Alain a 10 frères et sœurs dont ma propre mère. Comme elle, il a arrêté l’école à 14 ans pour travailler dans la carrière à champignons du village. Comme deux autres de mes oncles, il entrera à la SNCF comme contrôleur pendant 5 ans. Une déception amoureuse plus tard, car Alain ne pouvant pas avoir d’enfants, il quittera la fonction publique pour rejoindre une fabrique de biscuit comme contrôleur qualité. Il y gravira des échelons, participera à de nombreux projets mais également à de nombreuses avancées sociales au sein de l’entreprise. De droite, Alain a toujours été proche de ses potes de la CGT, les manœuvres et autres employés au « packaging » qui font le sale boulot. Alain n’aime pas les injustices de classe…

Seul face à lui même, Alain va commencer par prendre un peu de recul. Il viendra même 2 jours me visiter à Prague avant de continuer vers Vienne. Il n’avait jamais voyagé si loin. Il passera le reste de l’été à entretenir sa palombière, cultiver son jardin et visiter la famille. Seul et célibataire de carrière, Alain avait une solide épargne d’environ 50 000 euros. Propriétaire d’une maison qu’il avait terminé de payer il y a quelques années déjà, il vivait chichement, avec ses deux chiens dans une maison confortable de 90 mètres carrés à la campagne. Vraiment tout pour être heureux… Alain va vite comprendre qu’il est dans une impasse professionnelle. Le marché de l’emploi est maigre pour lui et puis il a perdu confiance en lui, s’isole et doit sûrement se poser des questions aussi existentielles qu’inutiles car comme beaucoup dans la famille, Alain a la déprime facile ! Le Ricard n’a jamais été une habitude de consommation, pourtant, il va commencer à partager sa richesse avec le groupe Pernod-Ricard. Alain semble sombrer tout à coup dans le néant aux yeux des siens… je suis loin, je ne comprends pas donc je ne juge pas. Régulièrement, et par habitude d’abord, je m’entretiens au téléphone avec lui. A chaque fois il « va bien » et a un discours tout à fait cohérent. Nous parlons politique, de la crise et de la situation de son ancienne entreprise. Une chose est certaine, Alain en a gros sur la patate, n’a pas vraiment de regrets dans le fond, mais sait qu’il s’est complique la tache en ne parvenant pas a casser la mâchoire du pingouin degraisseur. Ces derniers temps, Alain était invisible aux yeux de tous et injoignable la plupart du temps. Nous savons juste qu’il a effectué un court séjour dans les Pyrénées… dans le village où est né son père, et dans lequel Alain n’y avait jamais mis les pieds. Mon grand-père, lui-même, n’y étant jamais revenu, lorsqu’il l’a quitté à 5 ans en 1927.

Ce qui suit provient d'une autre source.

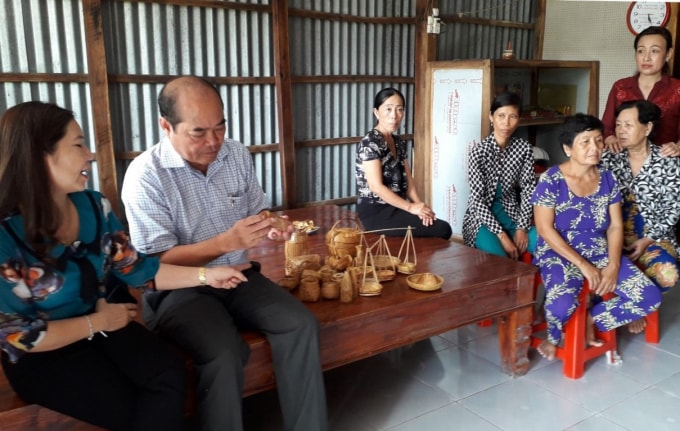 Chủ tịch UBND huyện U Minh Dư Bé Ba tham quan tổ hợp tác đan đác tại xã Nguyễn Phích.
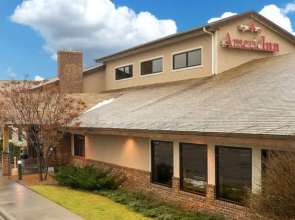 AmericInn Lodge & Suites North Branch
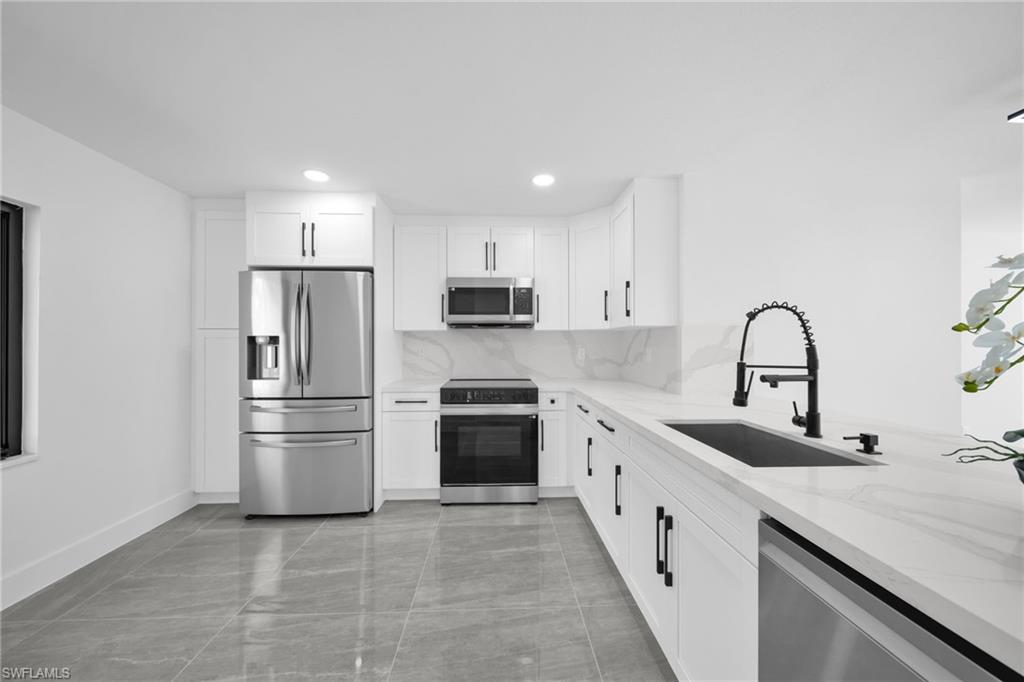 3407 65th St W Property Photo 6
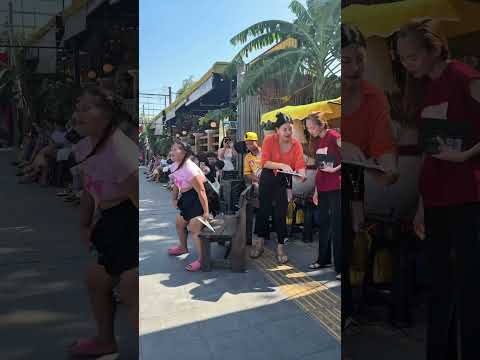 Help Me Haha-Thai Street Food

Expliquer un suicide, même moi, Alain étant mon parrain, je ne peux pas, je ne veux pas… ce n’est pas possible. Je suis révolté, parce que même si je sais qu’il a toujours regretté de ne pas avoir mené une vie privée heureuse et accomplie, je sais aussi qu’il a tout donne dans son job.

Multinationale aux poches gavées, la crise comme prétexte, le harcèlement et des méthodes de management douteuses comme outils, elles licencient autant que possible en réorganisant soigneusement l’entreprise pour ne plus avoir besoin que de smicards interchangeables. Et en ce moment, des gens à employer au Smic… ce n’est pas ca qui manque. Jusqu’à quand allons nous laisser ces entreprises briser des familles, des vies ou des bassins d’emplois sans que l’on ne les punisse si durement qu’ils y réfléchissent a deux fois ? Oui je sais…

Il faut boycotter les entreprises qui n’ont plus d’activité de production sur notre territoire. Apres avoir usé les gens, profité de l’argent public, qu’elles ne comptent pas sur moi pour les enrichir encore davantage. Moi c’est décide, je ne mangerai plus de biscuits **.